Her eyes light up when talking about the University of Utah cross country season and her teammates, and although sophomore Amanda Gehrich has already set personal best times and has cracked into the Utah record books, she is only looking ahead to what else she can accomplish personally and as a team.
Hailing from Trabuco Canyon, California, Gehrich attended Tesoro High School where she decided to focus on cross country and track with the hope that one day she would be able to pursue running on the collegiate level.
After earning awards like running the nation’s fastest 1,600 high school time of the year (4:41.39) at the CIF Southern Section Masters and becoming a two-time CIF California state champion in the 1,600, she had a choice to make. After narrowing schools down to those in the Pac-12 conference of where she wanted to attend, Gehrich went on a visit to Utah, and she knew that is where she wanted to be.
“I fell in love with Utah on my recruitment trip,” Gehrich said. “I fell in love with the girls and the whole team vibe, and that’s what sold me on coming here.”
Utah head coach Kyle Kepler remains thrilled that Gehrich made the decision she did because he knew what she would bring to the program.
“She has a lot of experience running at a high level,” Kepler said. “And that’s one of the reasons we recruited her so hard.”
In her first year as a Ute, Gehrich was a member of the cross country team that made it to the NCAA championships where she helped Utah secure a No. 20 place finish — the highest finish in program history. Gehrich has also racked up more awards, this time at the collegiate level. With a time of 4:47.45, Gehrich holds the time for the third fastest indoor mile and sixth fastest outdoor 1,500 with a time of 4:22.78.
From high school to Utah, the way Gehrich attacks each day and race has hardly changed. She goes to practice to work as hard as she can every day, while striving to be a reliable and supportive teammate. When it comes to the day of a race, her experience comes in handy. With the ability to relax and focus on the steps to success, she is able to not let the outside environment or pressures get to her.

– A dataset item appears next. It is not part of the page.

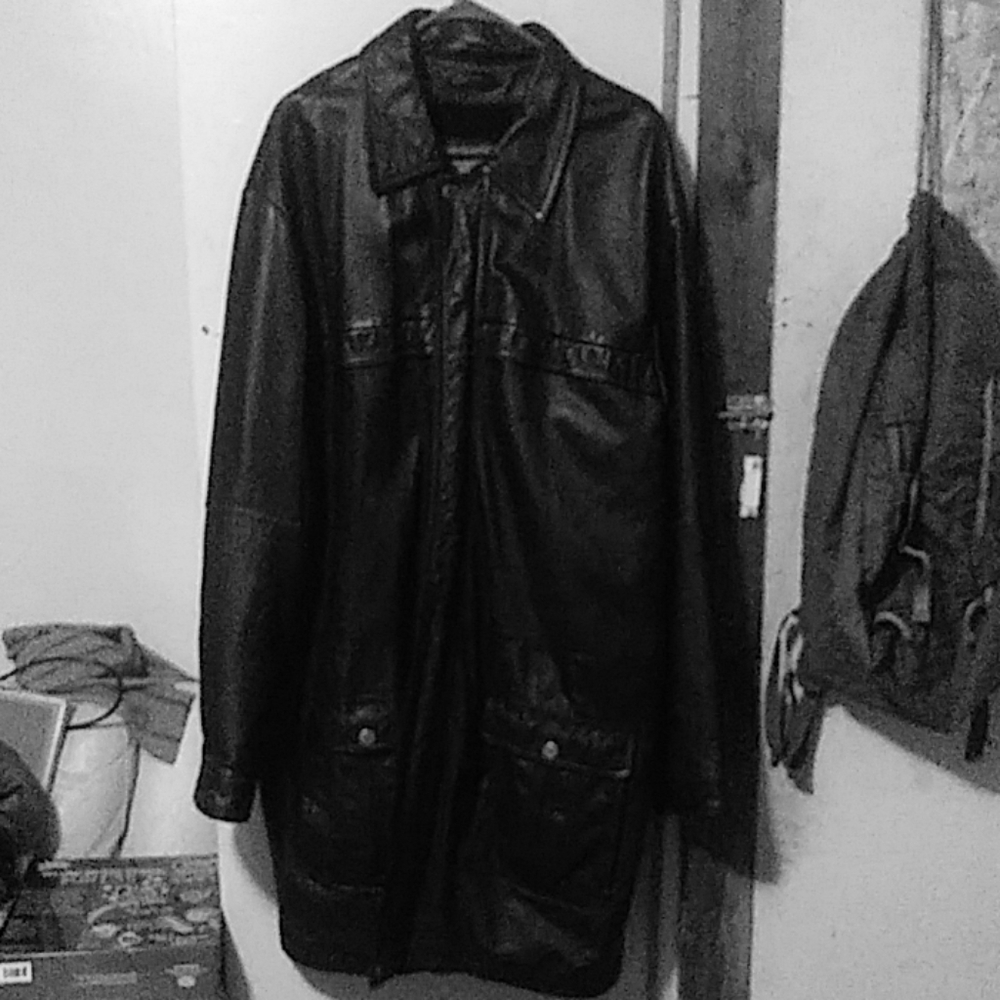 Thinsulate Wilson leather trench coat.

“I just focus on what I need to get done on that race and strategy,” Gehrich said. “And that usually calms my nerves down just thinking, okay this is what I need to do, and if I do this, I’ll be okay.”

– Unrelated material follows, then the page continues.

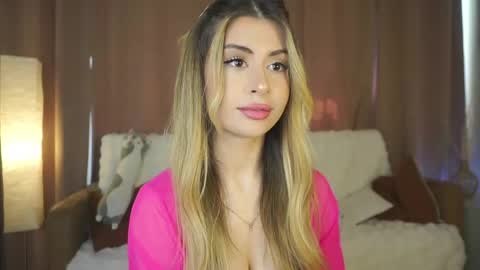 Snapshot of holayoula chatting on June 2026 08:07:02 AM Moni Monica online show from June 2026 08:07:02 AM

With the cross country season now in full swing, Gehrich said she feels that this is the strongest team yet, and she believes the team will excel this season. Kepler said that now that the team has seen multiple seasons of success, that this season they have “the highest expectations ever in the program.” What Kepler wants to see from his team this season doesn’t alarm Gehrich. She said she feels more at ease this season with a year now under her belt.
During her freshman year, she felt the growing pains that come along with transitioning schools, and the faster pace and heavy load that was mixed in with being a student-athlete. But it is that experience that Kepler said helps freshmen develop as athletes.
“You have to through this transformation and look like a college athlete,” Kepler said. “She has definitely done that. She definitely looks the part, she’s been doing all the work in the weight room and is getting her miles in.”